▸ Task instructions:
Pictures are not part of the copy. Set down exactly the lines from the one containing "LI Sanrio การ์ตูนน่ารักพับ" through the last line of the material below.

▸ Input data:
※

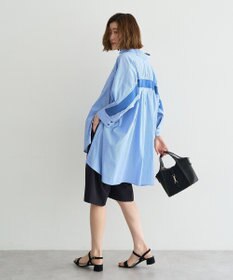 YECCA VECCA リブMIXストライプオーバーシャツ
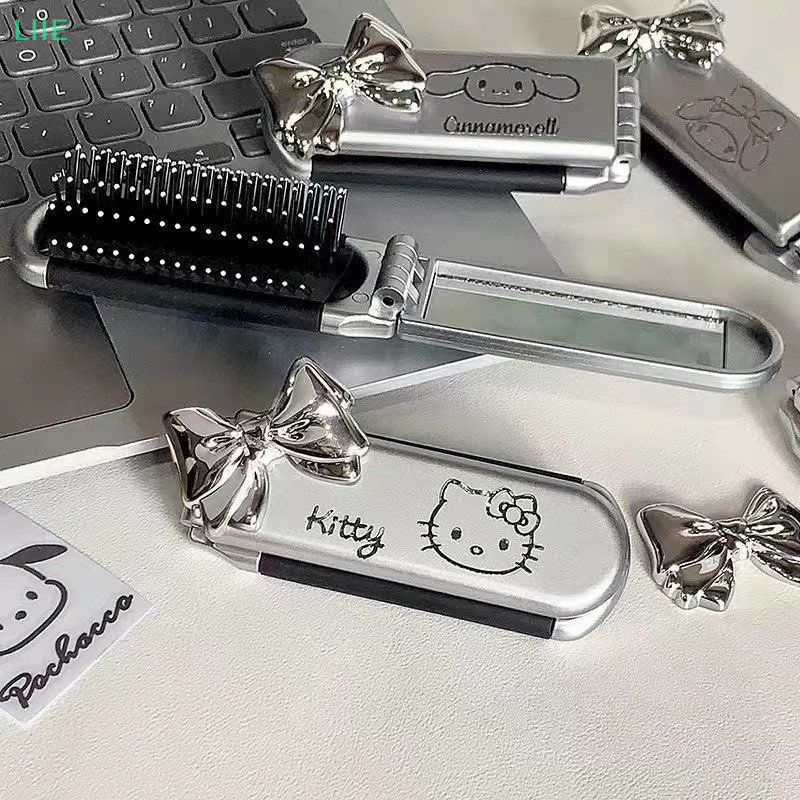 LI Sanrio การ์ตูนน่ารักพับ Air Cushion หวีผู้หญิงนวดหนังศีรษะหวีแบบพกพาแปรงผม Hairdressing เครื่องมือกระจก IE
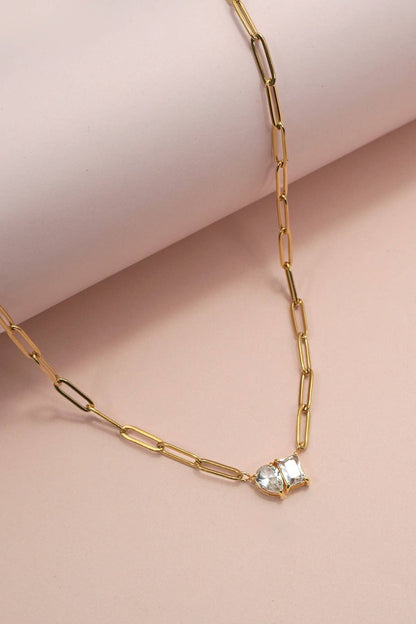 Double Jeweled Paperclip Necklace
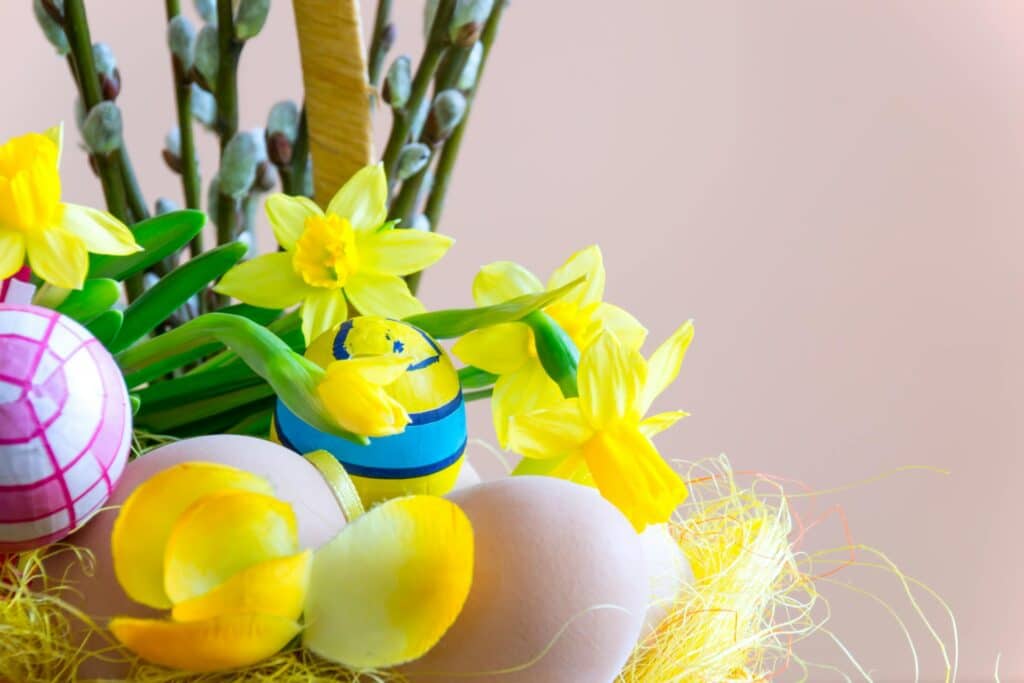 Yellow flowers and Easter eggs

※

▸ Problem solution:
 LI Sanrio การ์ตูนน่ารักพับ Air Cushion หวีผู้หญิงนวดหนังศีรษะหวีแบบพกพาแปรงผม Hairdressing เครื่องมือกระจก IE
 Double Jeweled Paperclip Necklace
 Yellow flowers and Easter eggs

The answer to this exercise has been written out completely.